1. 75
  1. 22

    This is interesting; I’ve been waiting for a new generation of scripting languages that are designed from the ground up with gradual typing and JIT. (Julia fits this bill, but there’s room for more.)

    Random observations:

    • Uses automatic reference counting with cycle detection, neat.
    • Looks like it generates code with libtcc, which is an interesting choice! Wonder how it’s working out for them? I’ve heard good and bad things about tcc in general. It’s simple and executes super quickly, but people have also derided it for bugs and poor maintenance.
    • Tagged unions/sum types, thank you!
    • “ Cyber will allow the host to insert gas mileage checks in user scripts. This allows the host to control how long a script can run.” aw yiss, this makes it way easier to support script-level sandboxing of untrusted code!
    • “In many dynamic languages, functions and fields are looked up in a hash map. In Cyber, they are indexed in an array by a symbol id which is much faster. This is possible because in Cyber there is a distinction between function values and statically declared functions.” Oooh, cunning. So any function call can be direct or essentially a double pointer, instead of always needing to traverse a hashtable.
    • Written in Zig, that’s pretty cool! …though I’m now confused about how libtcc comes into it?
    • It appears to duplicate Lua’s mistake of local variables being harder to declare than globals :-|
    • There’s a null-ish value :-| !!! Though I suppose it’s semi-inevitable in a dynamically typed language, and I’m not sure how exactly it interacts with the type declarations.

    On the whole, quite nice for a 0.1 release!

    1. 8

      Written in Zig, that’s pretty cool! …though I’m now confused about how libtcc comes into it?
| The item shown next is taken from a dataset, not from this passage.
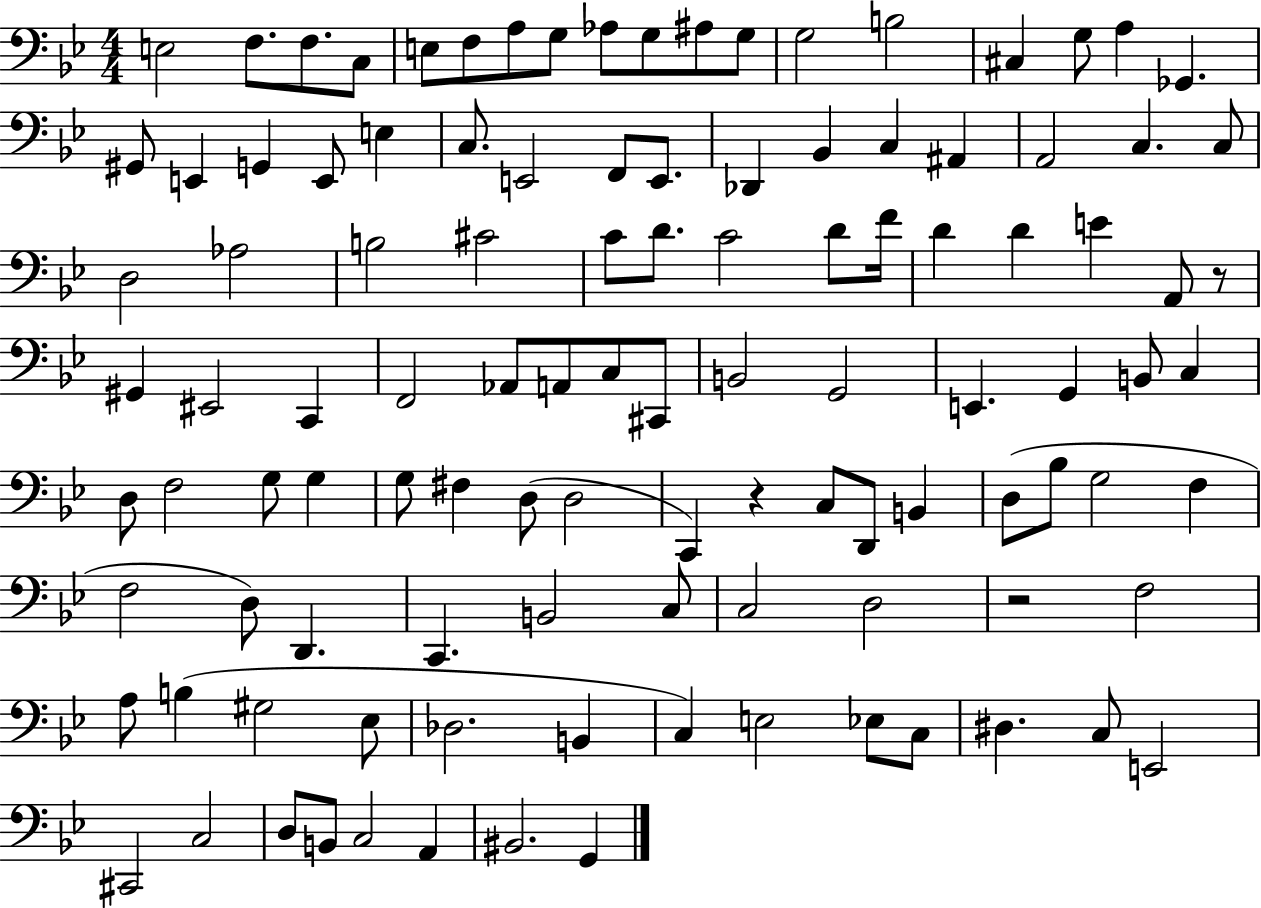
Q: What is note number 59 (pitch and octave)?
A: G2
      libtcc is used for the JIT. It’s just a C library and Zig has no issues interfacing with C libraries.

      1. 3

        The interaction with and support for C is such a nice feature of Zig.

        1. 2

          As far as I could tell from reading the docs, libtcc is specifically used to JIT compile FFI calls and that’s it. The runtime doesn’t appear to use JIT compilation aside from FFI calls at this time, it’s just a super fast VM.

          1. 1

            You’re exactly right. I misremembered what I was reading in regards to the FFI implementation:

            Calling into external functions is JIT compiled which makes them fast. To learn how it works, see FFI Docs.

          2. 1

            Yep as ifreund says it’s only used for the FFI bindings. Theres still so much that’s not implemented in the language so JIT is not a focus.

          3. 4

            Thank you for the kind words! One thing to note is that the documentation is ahead of the implementation. So user modules is non existent atm, although you can import builtins like “os” and “math”. Gradual types are also incomplete and only enough was done for the fib example.

            1. 3

              i would not have thought to call julia a scripting language! it’s closer to common lisp; a heavyweight dynamically typed language.

              1. 2

                That’s because “scripting language” isn’t really a coherent concept; it’s just a byproduct of Osterhaut’s Fallacy.

              2. 2

                It appears to duplicate Lua’s mistake of local variables being harder to declare than globals :-|

                It’s not really the case IMO. In Lua the main issue is that globals are cross-module (well, there are no globals in recent versions of Lua, but by default the top-level environment is shared). In Cyber as I understand it no local “variables” are shared across modules, only “static” variables are, so variables are only module-local by default.

                1. 7

                  Eeeeeh. If I am reading this correctly, if you do x = 1 then it declares a variable in the current scope. If you do x = 1 and there is already a variable x in the lexical scope above it, then it assigns 1 to that x. To create a new x in the current scope, if there is a variable of the same name in an enclosing scope, you have to do let x = 1. This seems like a pretty good footgun.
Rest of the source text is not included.